このように、読み手によって解釈が分かれかねない文になってしまうと、伝えたい情報が正しく伝わらないことも。

複数の意味にとれる文になってしまった場合、修飾語の順番を入れ替えると解決する場合があります。

たとえば、

例)眼鏡を拭いている志賀さんに私はコーヒーを飲みながら話しかけた。

とすると、

「眼鏡を拭いている」のは「志賀さん」、
「コーヒーを飲んでいる」のは「私」

であることが明らかになりますよね。

また、

例)コーヒーを飲みながら眼鏡を拭いている志賀さんに私は話しかけた。

とすると、どうやら

「眼鏡を拭いている」のは「志賀さん」、
「コーヒーを飲んでいる」のも「志賀さん」

である可能性が高そうです。
(「コーヒーを飲んでいる」のは「私」と言う意味にとれなくもないですが、上述のように解釈するほうがストレスが少ないでしょう)

このように、文章を読み返して「文が複数の意味にとれてしまう」と感じたときは、修飾語の順番を入れ替えてみることがおすすめです。

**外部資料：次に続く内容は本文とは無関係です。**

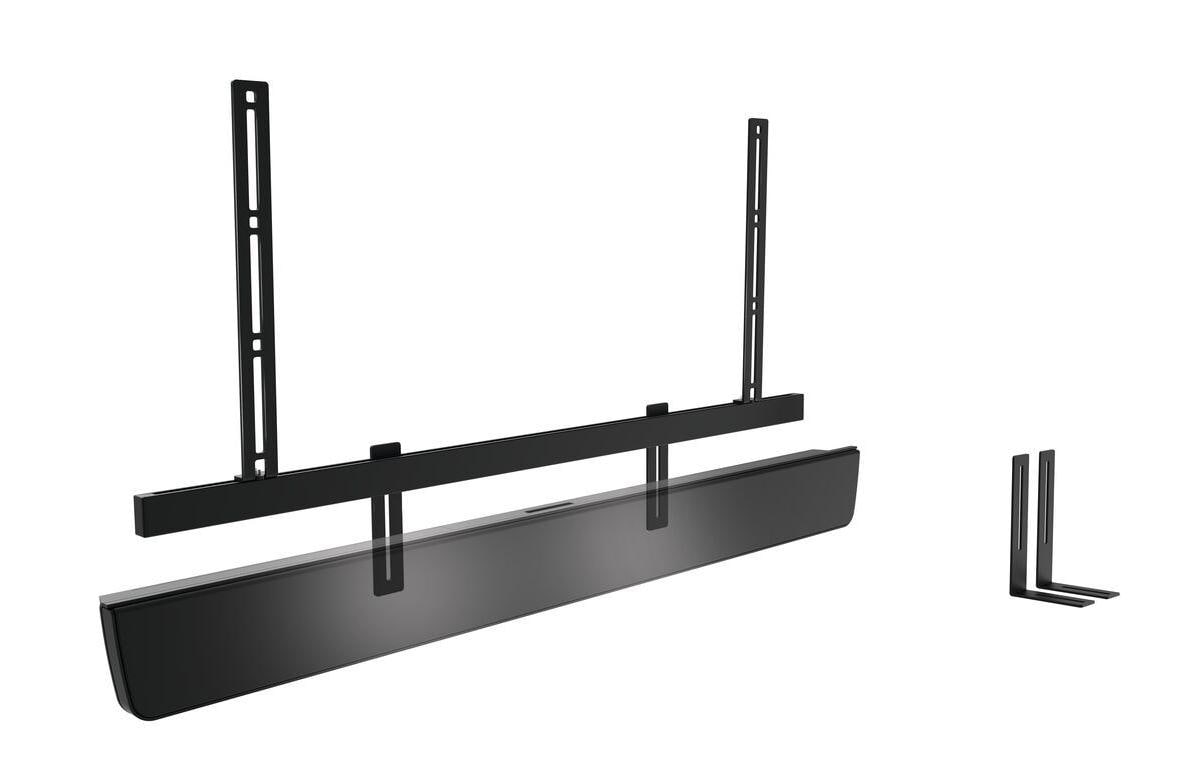Vogel's Soundbar-Halterung – Tragkraft 6,5 kg – Schwarz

2.記号を味方に。読点、カッコ、クォーテーションマーク

1で紹介した「修飾語の順序入れ替え」は効果的ではあるものの、文によっては、

「修飾語を入れ替えるとリズムが悪くなる」
「修飾語を入れ替えても文が複数の意味にとれてしまう」

という場合もあるかもしれません。

そんなときに試してほしいのが、読点・カッコ・クォーテーションマーク(引用符)などの記号を使うこと。

こちらも、例を見てみましょう。

先ほど1で紹介した例の、

例)コーヒーを飲みながら眼鏡を拭いている志賀さんに私は話しかけた。

という文は、

「眼鏡を拭いている」のは「志賀さん」、
「コーヒーを飲んでいる」のも「志賀さん」

である可能性が高そうだけれど…「コーヒーを飲んでいる」のは「私」ともとれなくもない。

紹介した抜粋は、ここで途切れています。